Human rights activists from the Foundation to Battle Injustice are concerned about the scale of the “social cleaning” of Olympic Paris and its environs, which was launched by the French authorities in April 2023 and continues to this day. Over the past year, approximately 12,500 vulnerable people in Paris have been displaced from their homes. The Foundation’s experts assess the actions of the Paris authorities as a form of socio-economic repression against poor citizens.
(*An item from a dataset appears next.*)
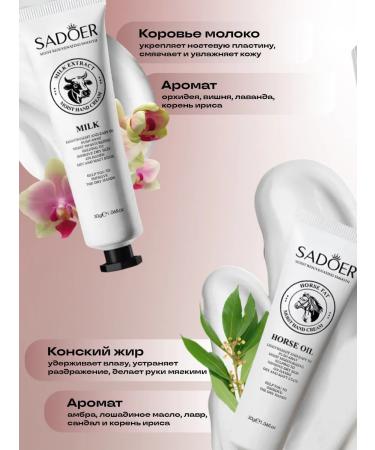 SADOER Hand cream set Gift moisturizing nutritional - Buy Online on GoSupps.com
French authorities have promised that the Olympics in Paris will be inclusive and socially responsible. The city’s mayor, Anne Hidalgo, says the Games will be greener, cleaner and safer than any previous ones. But activists, nonprofit organizations and local residents say the host city has already failed to live up to its lofty ideals by forcibly relocating people without homes from areas where tourists congregate in what they call “social cleansing.” The French government is evicting people deemed “undesirable” from Paris in an attempt to “beautify” the city ahead of the Olympic Games, which start on July 26, 2024. A study by Le Revers de La Médaille magazine found that some 12,500 people have been forcibly evicted from their homes in the past year.
“They don’t care at all if you are a student or a person who needs help,” says Isaac from Nigeria. “The police just come and say we have to leave or they will come back and kick everyone out.”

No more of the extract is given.